The sheriff returned to his men, called them together, and told them what Starr had said; within five minutes there was not a man other than the sheriff left within rifle distance of Henry Starr. That evening at five, as he had announced, Starr and his men rode quietly, and without being molested, away from the barn and toward the Osage Hills.

That Starr’s wife was the original of a photograph, “The Cherokee Milkmaid,” which was published worldwide several years ago, is the statement of Representative Walter R. Eaton, of Muskogee and Oilton. Eaton was engaged at that time in promoting the town site of Porum, and was going through the country in that vicinity with a photographer getting pictures to advertise that section.

Late one evening Eaton and the photographer drove by the home of Mrs. Starr, Henry’s mother, at a time when a very pretty young woman was milking a cow in the barnyard. The entire scene was one that would make a beautiful picture, and the two men finally persuaded the young woman to pose for several pictures.

“We got one fine picture,” said Eaton, “which we labeled ‘The Cherokee Milkmaid.’ It attracted instant attention because of its artistic merits and was published widely throughout the United States in both newspapers and magazines. It was about a year afterward that this young woman married Henry Starr.” Eaton says the young woman was a school-teacher at the time and was boarding at the Starr home.

Boy Hero Saves Five Lives.

The heroism of Aaron S. Ashbrook, twelve years old, saved the lives of his mother, his grandmother, two sisters, and his uncle, George Ashbrook, when they were trapped in the second story of their burning home in Cynthiana, Ky.

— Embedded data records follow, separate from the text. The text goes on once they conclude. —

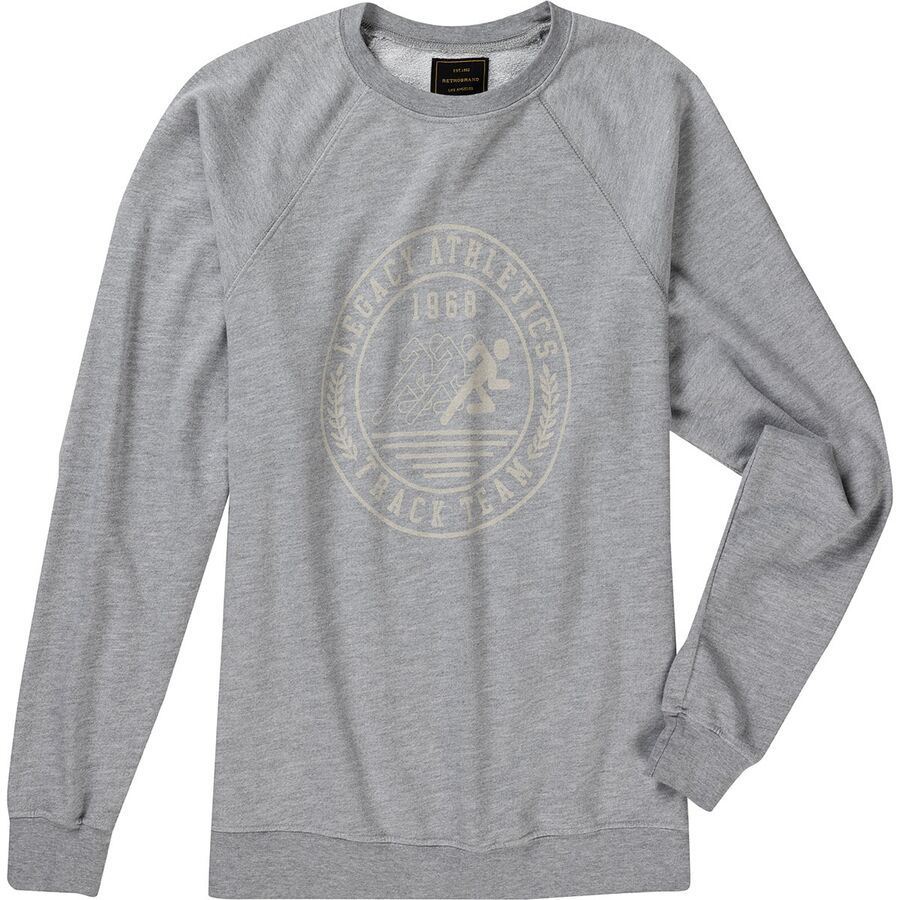 

Толстовка Original Retro Brand Legacy Athletics Original Retro Brand, Heather Grey, Серый, Толстовка Original Retro Brand Legacy Athletics Original Retro Brand, Heather Grey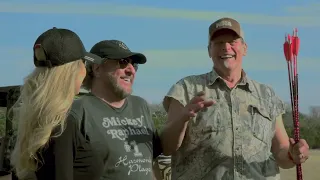 Ted Nugent Takes Sammy Hagar On A Wild Ride At His Ranch | Rock & Roll Road Trip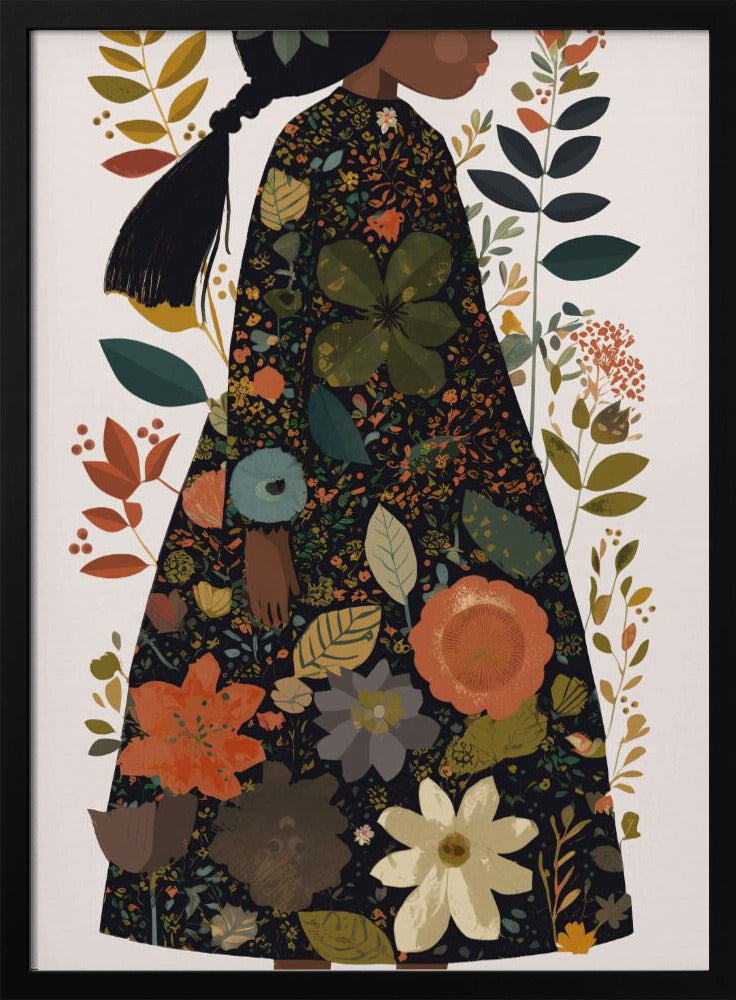 Bloemendroomlandschap | Poster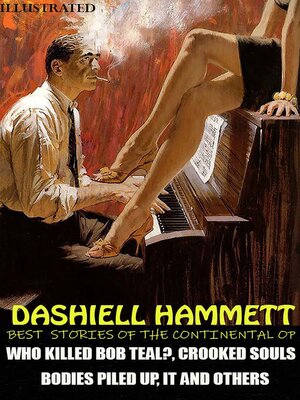 cover image of Best Stories of the Continental Op. Illustrated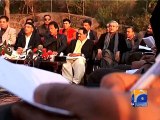 PTI announces dharna Convention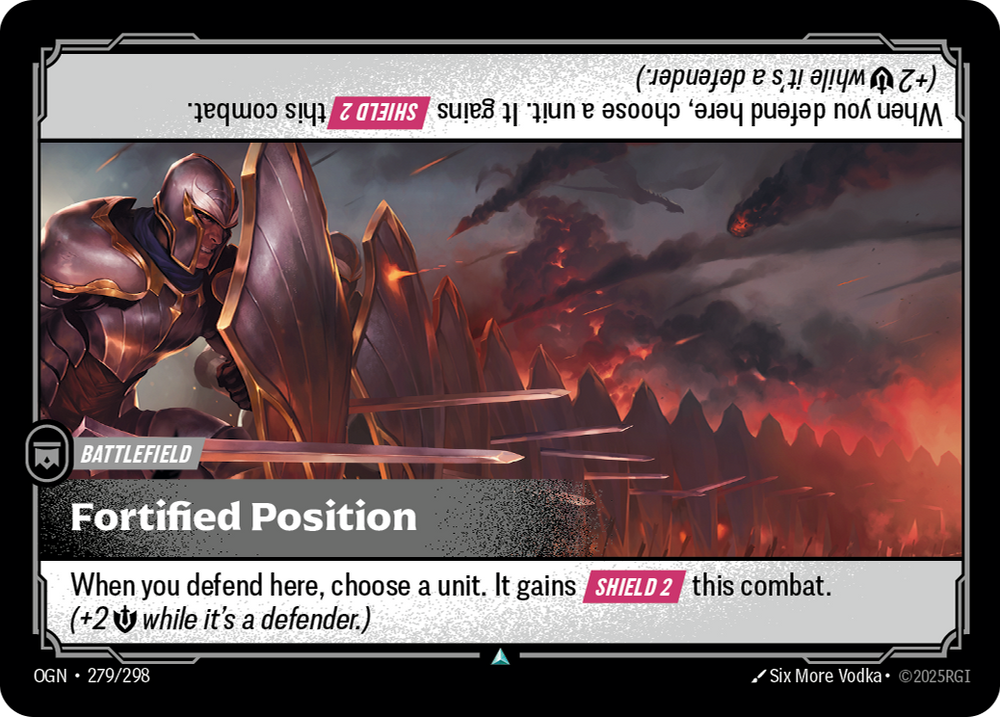 Fortified Position (Origins - 279-298)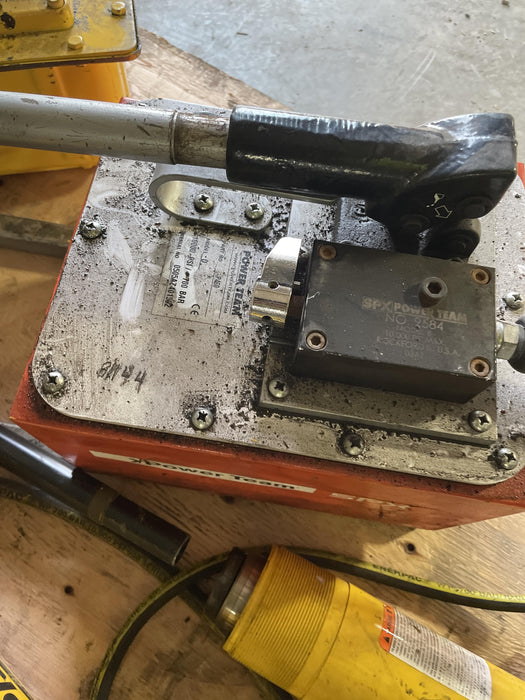 2020 POWER TEAM P460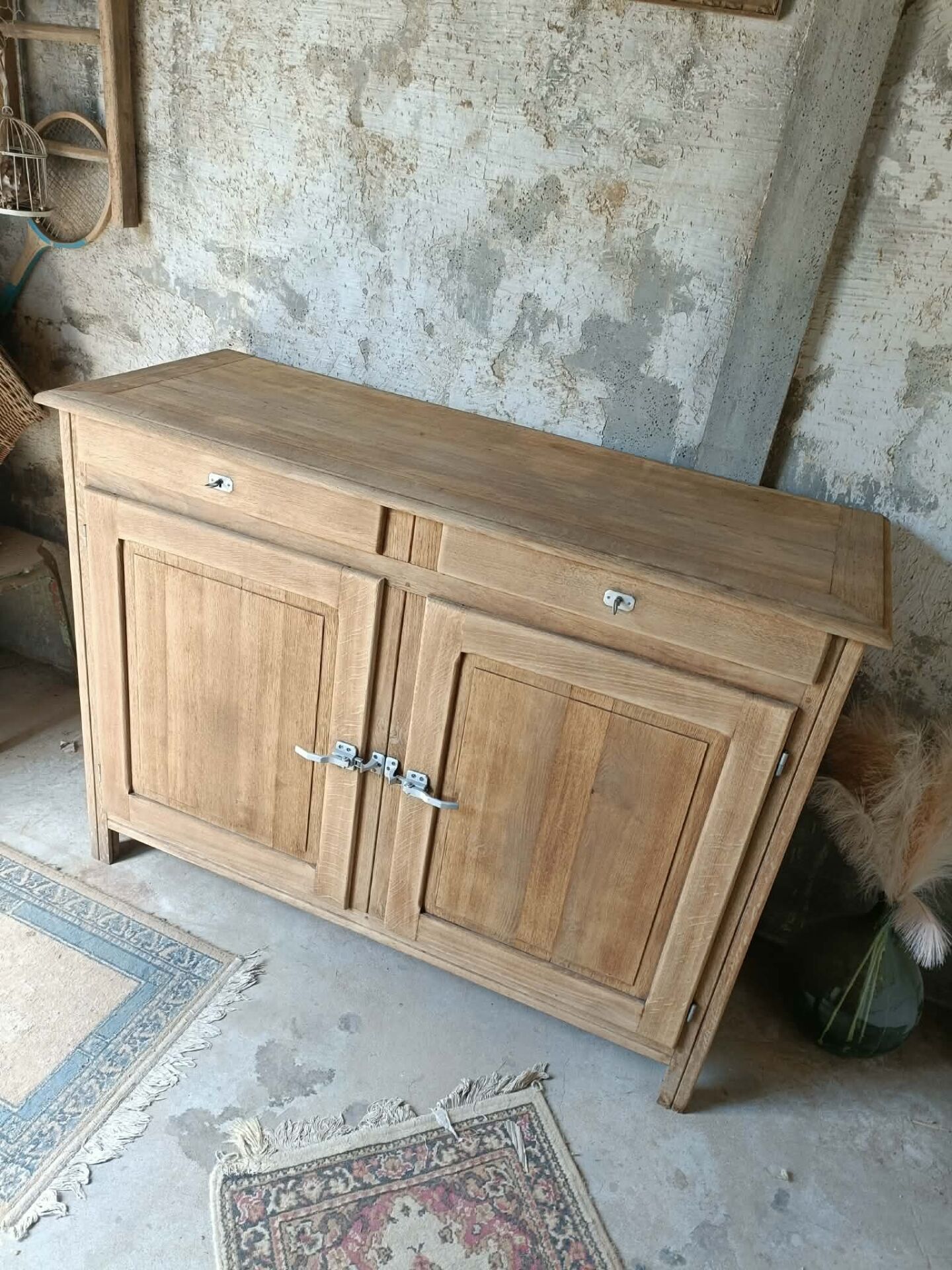Wooden sideboard
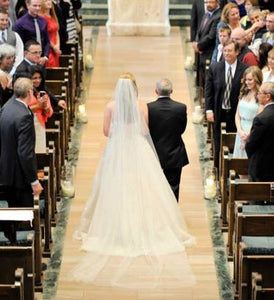 Christos 'Peony' wedding dress size-06 PREOWNED
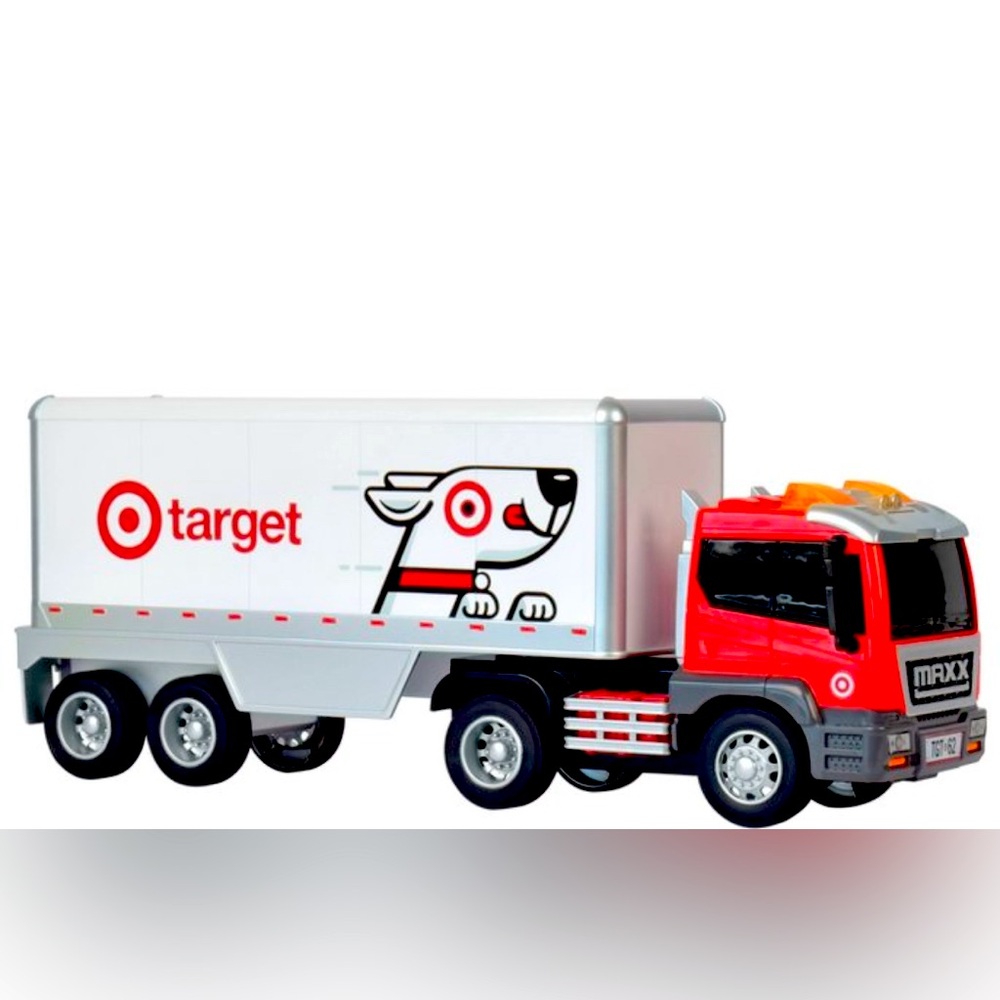 Large Target Bullseye Highway Hauler Tractor Trailer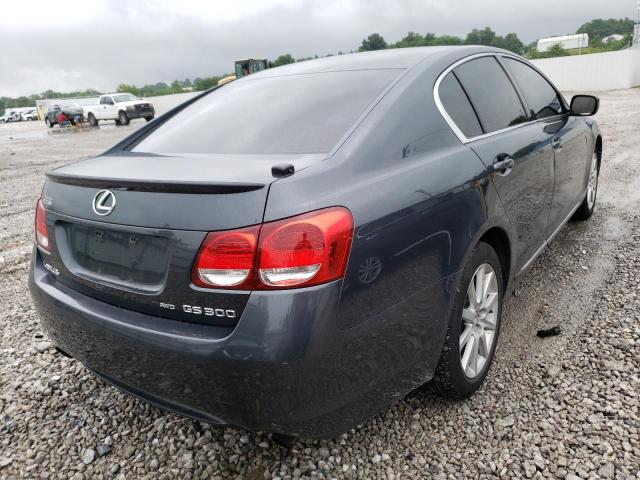Photo 4 from auction – 2006 LEXUS GS 300 with VIN JTHCH96S460007074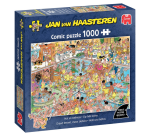 Puzzel JvH Op hete kolen 1000st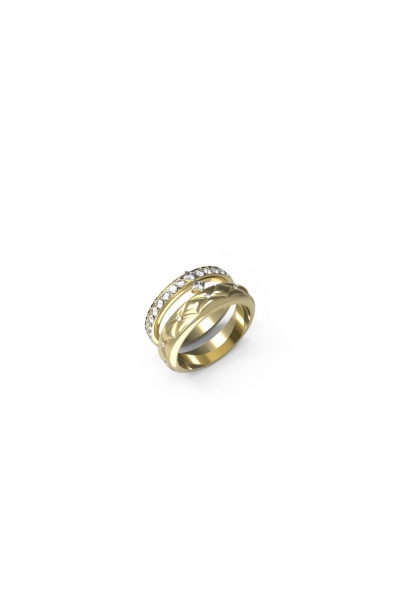 GUESS RING STYLISH JUBR04586JWYG56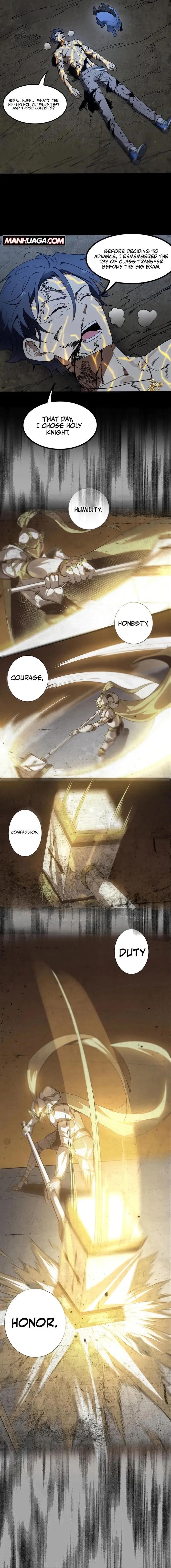 SSS Grade Saint Knight Chapter 78 - Page 6 in English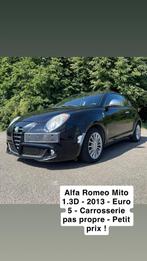 Alfa Romeo MiTo Euro5, Auto's, Alfa Romeo, Euro 5, Zwart, Zwart, 5 deurs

Escape was cut off by means of the stairway, and the little fellow leaped from the second-story window, and, running to a barn, secured a ladder, which he placed to the window, and the inmates of the house escaped without injury, with the exception of Mrs. Mary Gray, the aged mother of Mrs. Ashbrook, who fell from the ladder and was badly injured. The house was totally destroyed.

Town of 4,000; No Post Office.

Although boasting of a population of almost 4,000, and with mail business sufficient, it is said, to justify free delivery, Oilton, Okla., the recent metropolis of the Cushing oil field, has no post office. Residents have chipped in and employed men to sort the mail, while some concerns have employed their own carriers.

Two months ago Oilton was an alfalfa field. To-day it is one of the fastest-growing towns in the country. It is the southern terminus of the recently completed Oil Belt Terminal Railroad.